Aim of the exercise: Below is a listing. Set down exactly the lines from the one containing "Viadurini Classic Tv-Möbel-Luxus-TV-Schrank" through the one containing "benuta Basic Waschbarer", both ends included, and leave out the rest.
---------- Exercise input ----------
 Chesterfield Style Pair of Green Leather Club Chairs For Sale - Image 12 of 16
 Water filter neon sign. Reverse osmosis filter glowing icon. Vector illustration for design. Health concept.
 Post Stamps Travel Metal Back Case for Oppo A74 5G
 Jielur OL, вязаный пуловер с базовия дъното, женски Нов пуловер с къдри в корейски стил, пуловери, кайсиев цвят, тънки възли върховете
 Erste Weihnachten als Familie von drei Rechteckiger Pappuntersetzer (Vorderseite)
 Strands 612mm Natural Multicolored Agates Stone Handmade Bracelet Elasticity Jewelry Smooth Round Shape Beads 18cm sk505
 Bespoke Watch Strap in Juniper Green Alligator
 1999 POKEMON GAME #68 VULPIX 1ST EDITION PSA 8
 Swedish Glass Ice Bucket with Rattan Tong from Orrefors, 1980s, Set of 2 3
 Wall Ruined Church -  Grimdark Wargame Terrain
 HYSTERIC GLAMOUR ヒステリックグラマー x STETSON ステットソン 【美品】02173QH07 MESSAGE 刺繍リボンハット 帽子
----------
---------- Exercise input ----------
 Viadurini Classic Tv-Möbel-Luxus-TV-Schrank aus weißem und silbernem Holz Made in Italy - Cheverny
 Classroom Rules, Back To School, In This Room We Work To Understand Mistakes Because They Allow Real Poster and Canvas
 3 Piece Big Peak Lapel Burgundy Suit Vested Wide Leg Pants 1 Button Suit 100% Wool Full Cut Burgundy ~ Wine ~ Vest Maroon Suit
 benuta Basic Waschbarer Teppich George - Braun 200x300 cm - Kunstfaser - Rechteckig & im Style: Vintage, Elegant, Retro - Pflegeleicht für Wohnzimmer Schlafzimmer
----------
Expected answer:
 Viadurini Classic Tv-Möbel-Luxus-TV-Schrank aus weißem und silbernem Holz Made in Italy - Cheverny
 Classroom Rules, Back To School, In This Room We Work To Understand Mistakes Because They Allow Real Poster and Canvas
 3 Piece Big Peak Lapel Burgundy Suit Vested Wide Leg Pants 1 Button Suit 100% Wool Full Cut Burgundy ~ Wine ~ Vest Maroon Suit
 benuta Basic Waschbarer Teppich George - Braun 200x300 cm - Kunstfaser - Rechteckig & im Style: Vintage, Elegant, Retro - Pflegeleicht für Wohnzimmer Schlafzimmer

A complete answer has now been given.